- _Task statement_
Transcribe everything in the listing as written, and let no image into the copy.

- _Provided material_
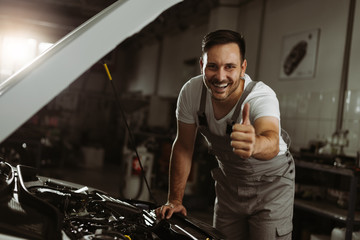 Happy mechanic showing thumbs up while working on a car in auto repair shop.He is looking at camera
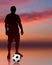 Soccer Player on Evening Background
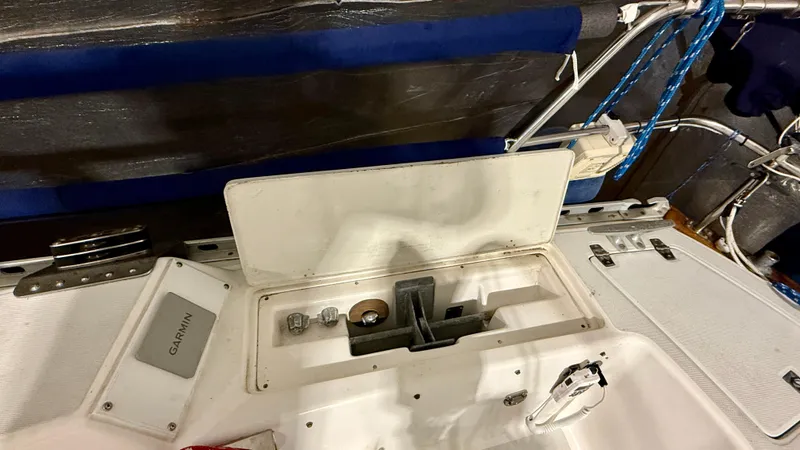 Slide: The Image of 1989 J Boats J/40 cockpit with open storage compartment and Garmin equipment. - 11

- _Exercise result_
 Happy mechanic showing thumbs up while working on a car in auto repair shop.He is looking at camera
 Soccer Player on Evening Background
 Slide: The Image of 1989 J Boats J/40 cockpit with open storage compartment and Garmin equipment. - 11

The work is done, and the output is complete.